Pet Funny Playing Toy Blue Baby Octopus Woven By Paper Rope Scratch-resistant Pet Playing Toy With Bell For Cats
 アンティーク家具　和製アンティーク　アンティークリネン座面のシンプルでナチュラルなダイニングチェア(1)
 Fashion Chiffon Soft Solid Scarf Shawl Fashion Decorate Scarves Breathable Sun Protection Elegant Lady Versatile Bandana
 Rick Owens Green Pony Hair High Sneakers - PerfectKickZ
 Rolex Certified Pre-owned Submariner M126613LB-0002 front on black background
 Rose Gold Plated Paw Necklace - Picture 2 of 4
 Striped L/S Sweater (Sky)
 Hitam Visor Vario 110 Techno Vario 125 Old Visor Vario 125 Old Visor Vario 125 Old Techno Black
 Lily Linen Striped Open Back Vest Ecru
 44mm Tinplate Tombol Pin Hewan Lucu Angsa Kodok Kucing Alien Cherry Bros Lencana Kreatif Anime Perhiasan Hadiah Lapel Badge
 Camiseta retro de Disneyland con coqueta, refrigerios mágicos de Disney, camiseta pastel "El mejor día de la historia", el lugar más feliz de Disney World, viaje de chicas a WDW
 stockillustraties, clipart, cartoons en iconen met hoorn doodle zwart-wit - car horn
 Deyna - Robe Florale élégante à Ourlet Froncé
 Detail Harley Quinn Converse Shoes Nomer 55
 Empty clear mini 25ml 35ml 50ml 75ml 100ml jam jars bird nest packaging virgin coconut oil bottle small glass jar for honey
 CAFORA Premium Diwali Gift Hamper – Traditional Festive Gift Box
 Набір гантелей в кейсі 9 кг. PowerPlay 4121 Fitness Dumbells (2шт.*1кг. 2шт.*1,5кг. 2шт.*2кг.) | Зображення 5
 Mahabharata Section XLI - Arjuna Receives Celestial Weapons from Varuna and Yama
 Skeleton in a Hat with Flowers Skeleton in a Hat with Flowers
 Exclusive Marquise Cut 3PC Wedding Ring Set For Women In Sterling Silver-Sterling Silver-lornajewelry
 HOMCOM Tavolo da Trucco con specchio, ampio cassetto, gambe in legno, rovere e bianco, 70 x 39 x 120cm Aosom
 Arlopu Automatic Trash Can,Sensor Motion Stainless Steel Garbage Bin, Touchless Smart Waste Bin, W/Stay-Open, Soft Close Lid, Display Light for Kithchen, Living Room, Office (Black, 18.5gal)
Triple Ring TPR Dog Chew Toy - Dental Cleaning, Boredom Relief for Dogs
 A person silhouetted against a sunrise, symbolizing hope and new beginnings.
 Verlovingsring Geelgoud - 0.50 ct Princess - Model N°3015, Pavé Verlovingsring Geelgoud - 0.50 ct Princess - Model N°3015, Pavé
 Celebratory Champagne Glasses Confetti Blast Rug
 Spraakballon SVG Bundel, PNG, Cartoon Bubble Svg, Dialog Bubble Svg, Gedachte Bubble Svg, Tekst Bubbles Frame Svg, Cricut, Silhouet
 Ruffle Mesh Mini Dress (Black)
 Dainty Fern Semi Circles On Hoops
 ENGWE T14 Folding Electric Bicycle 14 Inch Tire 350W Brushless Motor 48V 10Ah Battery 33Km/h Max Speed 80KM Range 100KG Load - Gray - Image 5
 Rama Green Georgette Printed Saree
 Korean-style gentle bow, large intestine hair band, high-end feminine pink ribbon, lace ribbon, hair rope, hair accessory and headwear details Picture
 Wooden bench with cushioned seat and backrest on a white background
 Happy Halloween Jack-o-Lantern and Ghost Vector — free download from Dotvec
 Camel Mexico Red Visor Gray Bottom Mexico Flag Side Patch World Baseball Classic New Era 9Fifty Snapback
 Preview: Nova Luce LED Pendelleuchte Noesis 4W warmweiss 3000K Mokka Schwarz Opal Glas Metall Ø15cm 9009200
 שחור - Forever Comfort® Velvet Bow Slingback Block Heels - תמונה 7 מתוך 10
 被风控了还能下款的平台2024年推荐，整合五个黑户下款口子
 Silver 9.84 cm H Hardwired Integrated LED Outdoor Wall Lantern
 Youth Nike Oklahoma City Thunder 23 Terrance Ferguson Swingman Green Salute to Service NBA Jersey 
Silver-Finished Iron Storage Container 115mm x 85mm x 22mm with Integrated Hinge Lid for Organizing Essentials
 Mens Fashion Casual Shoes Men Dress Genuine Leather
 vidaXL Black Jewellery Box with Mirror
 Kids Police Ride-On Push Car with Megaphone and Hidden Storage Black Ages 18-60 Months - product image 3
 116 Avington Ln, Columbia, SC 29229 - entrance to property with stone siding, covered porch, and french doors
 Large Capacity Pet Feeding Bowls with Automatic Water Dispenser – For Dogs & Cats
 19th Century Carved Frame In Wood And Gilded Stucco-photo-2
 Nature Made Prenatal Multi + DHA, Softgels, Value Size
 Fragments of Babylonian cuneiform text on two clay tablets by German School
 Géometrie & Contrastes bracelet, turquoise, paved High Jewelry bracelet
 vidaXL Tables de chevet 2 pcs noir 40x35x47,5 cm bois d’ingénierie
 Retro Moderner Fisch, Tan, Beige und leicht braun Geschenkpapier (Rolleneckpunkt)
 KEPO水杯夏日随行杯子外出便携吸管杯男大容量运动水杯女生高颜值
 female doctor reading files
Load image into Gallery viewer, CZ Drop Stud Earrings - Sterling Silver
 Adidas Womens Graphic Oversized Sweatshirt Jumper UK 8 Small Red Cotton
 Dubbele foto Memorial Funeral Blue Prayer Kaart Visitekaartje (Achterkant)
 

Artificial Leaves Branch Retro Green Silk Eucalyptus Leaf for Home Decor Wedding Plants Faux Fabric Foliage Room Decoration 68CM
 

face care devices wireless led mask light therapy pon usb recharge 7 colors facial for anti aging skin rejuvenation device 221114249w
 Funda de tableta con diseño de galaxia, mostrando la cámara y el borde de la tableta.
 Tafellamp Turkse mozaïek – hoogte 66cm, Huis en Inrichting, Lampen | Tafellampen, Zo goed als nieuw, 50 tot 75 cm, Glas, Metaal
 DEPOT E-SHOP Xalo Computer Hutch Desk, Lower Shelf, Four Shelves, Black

....................

## THE PROBLEM
If a line of the records includes the string "Green", copy it out.

## ANSWER TO THE PROBLEM
 Rick Owens Green Pony Hair High Sneakers - PerfectKickZ
 Rama Green Georgette Printed Saree
 Youth Nike Oklahoma City Thunder 23 Terrance Ferguson Swingman Green Salute to Service NBA Jersey 
Artificial Leaves Branch Retro Green Silk Eucalyptus Leaf for Home Decor Wedding Plants Faux Fabric Foliage Room Decoration 68CM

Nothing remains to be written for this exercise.